I on the other hand, had a bad experience with garden growing when I decided to plant one in sixth grade. Our yard was clay and my watermelons were the size of baseballs. And tasteless. After watering faithfully day after hot day, I was not impressed. Which is why my remaining tomato cages would have a destiny all their own. Also, because I couldn't afford these from Pottery Barn. 


My plan for this type of trellis was always to grow a leafy/flowery vine up it and (if we ever get electricity in our garage) add some twinkly white lights to them. This year, I invested in clematis plants and planted them in a strip of earth that lines our driveway. Before this summer, there'd been only the free creeping flocks and a brick edge. I separated some of the flocks out to speed up their creeping and put the clematis between. The strip narrows so there's not enough room for more than two, but that was alright since they were $20 each. But they'll come back every year and be an ongoing joy.

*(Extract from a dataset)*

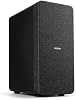 Barra de sonido Denon DHT-S517 para TV con subwoofer inalámbrico (modelo 2022) | Sonido envolvente 3D, Dolby Atmos, compatibilidad con HDMI eARC, transmisión de música inalámbrica mediante Bluetooth, configuración rápida, montable en pared 4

I turned a tomato cage upside down and placed it at the base of a clematis. I twisted the ends that normally poke into the ground into a group that looked like the top of a tepee. Then I twist-tied the plant to the cage in different places, encouraging it to grow around to the opposite side of the cage. Here's how they've begun to cover around the cage.


As you can see, they aren't as tall as the trellises I'd drooled over at Pottery Barn, so I gave them some height. If you use larger tomato cages, this won't be necessary. I took a couple wire hangers and "extended" them. First I untwisted the necks of the wire hanger and made them a straightish line. I used the non-cutting part of my wire cutters to manipulate them, which is way more pleasant that trying to do it with your hands. I bent them in half and attached the ends to the "tepee tips" of the tomato cage in two places. 


The rusty part is the top of the tomato cage and the greenish part is the wire hanger. The folded end sticks up into the air, forming the top of my trellis. If you have any young children's toys to open (for safety reasons they are secured approximately a thousand times), some good can come of it! Use the plastic-covered twist ties to train plants without cutting into them. Here's how the clematis looks with the hanger hoisting it up.



The height makes it much more elegant. Now for an overall view of the flower bed...which has improved a bit from way back when...




So there's how you make your own cone-shaped trellises out of tomato cages and wire hangers. I realize they aren't a great option if you don't want a plant climbing your trellis, but that was always my plan so I don't care what the trellis looks like underneath. Here's a handy little photo that would be super great for pinning...hint, hint. :)


Have a wonderful week guys! I know I've only been posting once a week lately and I have so much to tell you, but I'm making the most of my last three weeks of summer. It may be slim pickin's a while longer. Since I don't know when I'll be back, I'm doing a version of What I Wore Wednesday on this Tuesday, because it's my blog, so I can. And because, I will be in yoga pants on the actual Wednesday. Guaranteed. 


I've always loved tomato red with turquoise but black and white stripes brighten it up. Later, my loves!